**TASK PROMPT:** Word for word, restate the lines from the start of the data down to the line with "Marc Nolan Pink Suede Horsebit Loafer", both included.

**STORED DATA:**

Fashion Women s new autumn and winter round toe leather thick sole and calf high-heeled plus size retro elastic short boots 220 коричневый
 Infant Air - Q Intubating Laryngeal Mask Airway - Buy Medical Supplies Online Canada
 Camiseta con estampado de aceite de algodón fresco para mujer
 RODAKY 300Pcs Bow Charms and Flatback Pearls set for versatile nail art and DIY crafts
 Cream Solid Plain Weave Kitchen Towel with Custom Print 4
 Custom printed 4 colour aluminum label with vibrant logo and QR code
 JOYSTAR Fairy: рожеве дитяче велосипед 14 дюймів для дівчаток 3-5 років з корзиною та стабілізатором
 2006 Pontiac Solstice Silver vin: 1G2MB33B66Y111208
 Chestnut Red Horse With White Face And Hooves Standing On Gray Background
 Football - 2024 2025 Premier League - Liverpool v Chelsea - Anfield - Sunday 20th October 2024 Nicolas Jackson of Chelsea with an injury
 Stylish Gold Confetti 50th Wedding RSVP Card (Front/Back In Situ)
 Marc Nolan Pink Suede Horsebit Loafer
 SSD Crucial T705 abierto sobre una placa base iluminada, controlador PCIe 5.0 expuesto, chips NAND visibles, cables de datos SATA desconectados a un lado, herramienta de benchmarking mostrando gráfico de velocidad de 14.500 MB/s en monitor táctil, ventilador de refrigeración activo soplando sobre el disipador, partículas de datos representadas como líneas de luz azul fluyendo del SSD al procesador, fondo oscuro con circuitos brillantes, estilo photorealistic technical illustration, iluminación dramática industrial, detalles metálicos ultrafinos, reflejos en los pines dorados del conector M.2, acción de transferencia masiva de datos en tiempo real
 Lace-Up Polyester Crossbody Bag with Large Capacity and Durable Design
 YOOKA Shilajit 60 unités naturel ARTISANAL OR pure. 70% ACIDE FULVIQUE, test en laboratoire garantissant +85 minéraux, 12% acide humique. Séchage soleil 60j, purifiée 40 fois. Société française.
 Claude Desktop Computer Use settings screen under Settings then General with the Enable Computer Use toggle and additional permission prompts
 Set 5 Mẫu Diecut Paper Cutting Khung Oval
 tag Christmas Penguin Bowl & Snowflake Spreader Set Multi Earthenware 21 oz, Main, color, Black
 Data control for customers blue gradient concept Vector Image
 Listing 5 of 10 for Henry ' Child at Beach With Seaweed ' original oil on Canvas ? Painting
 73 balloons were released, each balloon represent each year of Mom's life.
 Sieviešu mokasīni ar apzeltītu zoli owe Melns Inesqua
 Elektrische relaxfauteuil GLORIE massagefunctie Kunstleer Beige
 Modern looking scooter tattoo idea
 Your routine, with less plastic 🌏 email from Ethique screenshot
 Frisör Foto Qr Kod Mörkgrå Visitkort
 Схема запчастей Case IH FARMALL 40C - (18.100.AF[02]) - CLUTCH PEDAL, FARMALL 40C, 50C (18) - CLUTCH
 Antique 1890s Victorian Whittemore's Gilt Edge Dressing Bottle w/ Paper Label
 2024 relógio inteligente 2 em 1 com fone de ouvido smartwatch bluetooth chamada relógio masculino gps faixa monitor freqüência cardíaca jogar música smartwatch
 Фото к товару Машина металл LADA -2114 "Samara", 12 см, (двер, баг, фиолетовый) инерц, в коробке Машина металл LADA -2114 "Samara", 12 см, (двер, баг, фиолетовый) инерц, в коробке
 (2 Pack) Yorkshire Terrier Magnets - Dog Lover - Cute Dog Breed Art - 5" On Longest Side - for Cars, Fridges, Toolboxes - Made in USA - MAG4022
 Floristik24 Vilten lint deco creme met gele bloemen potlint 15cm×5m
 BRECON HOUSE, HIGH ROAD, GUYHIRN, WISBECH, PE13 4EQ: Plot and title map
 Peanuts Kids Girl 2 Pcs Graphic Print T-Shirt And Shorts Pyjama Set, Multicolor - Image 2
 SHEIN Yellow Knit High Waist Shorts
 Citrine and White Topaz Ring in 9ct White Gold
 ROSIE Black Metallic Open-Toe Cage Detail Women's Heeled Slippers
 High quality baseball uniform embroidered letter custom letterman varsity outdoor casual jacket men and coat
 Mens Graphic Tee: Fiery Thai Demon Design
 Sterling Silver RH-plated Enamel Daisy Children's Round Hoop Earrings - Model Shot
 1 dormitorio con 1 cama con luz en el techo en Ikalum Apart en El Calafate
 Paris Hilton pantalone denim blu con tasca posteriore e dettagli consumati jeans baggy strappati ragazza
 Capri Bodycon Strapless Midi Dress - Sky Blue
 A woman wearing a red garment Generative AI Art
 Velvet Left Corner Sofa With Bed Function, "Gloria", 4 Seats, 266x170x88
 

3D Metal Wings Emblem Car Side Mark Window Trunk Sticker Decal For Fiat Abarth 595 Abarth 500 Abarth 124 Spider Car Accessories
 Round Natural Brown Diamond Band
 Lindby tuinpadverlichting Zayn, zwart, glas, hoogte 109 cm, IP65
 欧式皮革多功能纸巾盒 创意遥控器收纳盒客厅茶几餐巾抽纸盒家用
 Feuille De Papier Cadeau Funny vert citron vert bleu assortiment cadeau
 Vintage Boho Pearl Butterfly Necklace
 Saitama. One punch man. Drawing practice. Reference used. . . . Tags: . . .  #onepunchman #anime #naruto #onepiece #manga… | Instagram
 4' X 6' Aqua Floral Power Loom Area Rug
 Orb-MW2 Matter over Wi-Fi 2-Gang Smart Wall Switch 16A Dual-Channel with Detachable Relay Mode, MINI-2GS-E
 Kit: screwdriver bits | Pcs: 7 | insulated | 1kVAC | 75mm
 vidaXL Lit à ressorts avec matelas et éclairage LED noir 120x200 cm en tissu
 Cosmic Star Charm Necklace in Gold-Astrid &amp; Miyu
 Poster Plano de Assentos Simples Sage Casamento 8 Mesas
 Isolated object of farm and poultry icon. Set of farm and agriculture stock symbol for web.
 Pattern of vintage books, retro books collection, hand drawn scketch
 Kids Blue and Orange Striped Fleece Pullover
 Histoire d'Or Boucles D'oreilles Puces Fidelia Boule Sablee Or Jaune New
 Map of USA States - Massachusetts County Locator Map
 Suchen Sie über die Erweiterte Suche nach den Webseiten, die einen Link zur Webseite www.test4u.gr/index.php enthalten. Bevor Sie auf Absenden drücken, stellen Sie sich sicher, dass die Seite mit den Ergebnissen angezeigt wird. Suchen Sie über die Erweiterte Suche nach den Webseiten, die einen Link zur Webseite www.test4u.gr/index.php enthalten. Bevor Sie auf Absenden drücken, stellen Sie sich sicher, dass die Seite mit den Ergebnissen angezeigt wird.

**RESULT FOR THIS TASK:**
Fashion Women s new autumn and winter round toe leather thick sole and calf high-heeled plus size retro elastic short boots 220 коричневый
 Infant Air - Q Intubating Laryngeal Mask Airway - Buy Medical Supplies Online Canada
 Camiseta con estampado de aceite de algodón fresco para mujer
 RODAKY 300Pcs Bow Charms and Flatback Pearls set for versatile nail art and DIY crafts
 Cream Solid Plain Weave Kitchen Towel with Custom Print 4
 Custom printed 4 colour aluminum label with vibrant logo and QR code
 JOYSTAR Fairy: рожеве дитяче велосипед 14 дюймів для дівчаток 3-5 років з корзиною та стабілізатором
 2006 Pontiac Solstice Silver vin: 1G2MB33B66Y111208
 Chestnut Red Horse With White Face And Hooves Standing On Gray Background
 Football - 2024 2025 Premier League - Liverpool v Chelsea - Anfield - Sunday 20th October 2024 Nicolas Jackson of Chelsea with an injury
 Stylish Gold Confetti 50th Wedding RSVP Card (Front/Back In Situ)
 Marc Nolan Pink Suede Horsebit Loafer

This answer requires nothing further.